Scientists Find Oldest Fossil Mushroom
A team of scientists from the University of Illinois has uncovered the world's oldest fossil mushroom. Lead author Sam Heads and his colleagues dubbed the specimen Gondwanagaricites magnificus, naming it for the ancient supercontinent Gondwana and the fossil's "magnificent" preservation.

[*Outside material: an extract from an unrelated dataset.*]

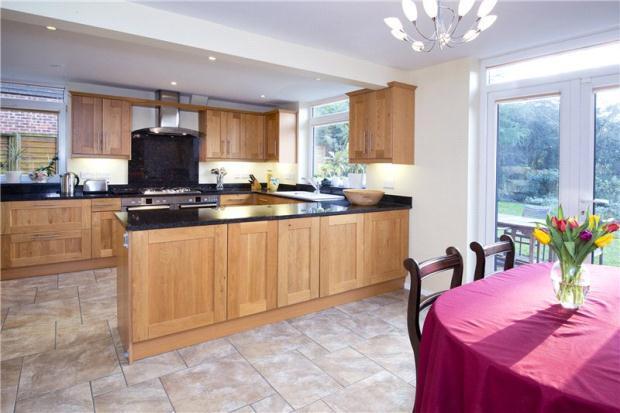 Kitchen/B'fast Room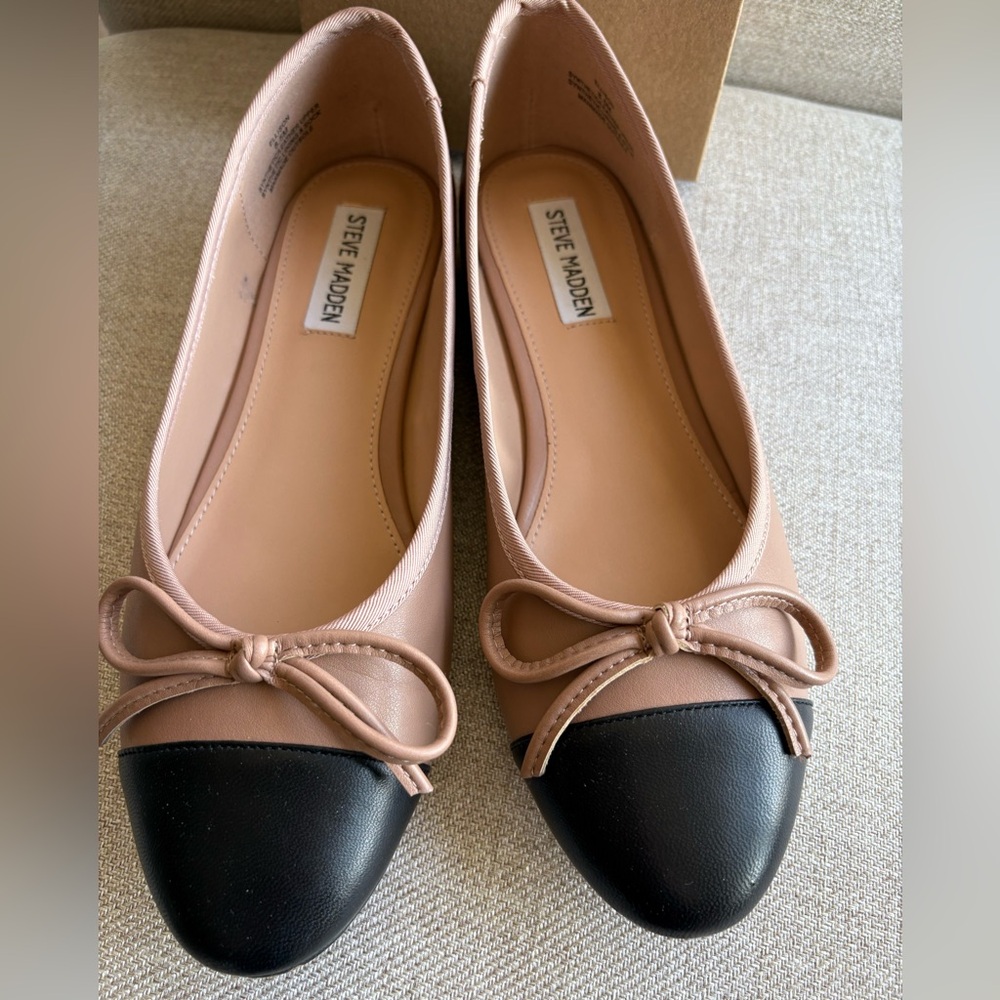 Steve Madden Black and Tan Flats with Bow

Estimated at between 113 and 120 million years old, G. magnificus is at least 14 million years older than the prior record-holder, but it stands out for more than just its age. Just ten fossils resembling modern-day gilled mushrooms have been unearthed, all from amber. The soft, fleshy bodies of mushrooms simply don't fossilize well, and amber, composed of ancient tree resin, has been the only reliable medium of preservation. G. magnificus, however, is the first and only fossil mushroom found in a mineral layer.
The amazing sedimentary deposit that broke the trend is known as Lagerstatten. In this case, the Lagerstatten layer was composed of laminated limestone from the Crato Formation in northeastern Brazil. In the past, Crato has yielded dinosaurs, pterosaurs, amphibians, and even a variety of fish species with the contents of their stomachs preserved.
The mushroom's stalk, or stipe, measured roughly 34 millimeters tall and 6.5 millimeters wide. Its cap, known as a pileus, featured the spore-dispersing gills that characterize the most familiar mushrooms (pictured below). The researchers are unsure of G. magnificus' color.
Basidiomycota, the division of fungi that includes a number of alien-looking specimens, including all mushrooms, dates back between 500 million and 1.2 billion years. There are undoubtedly many more fascinating finds yet to be made!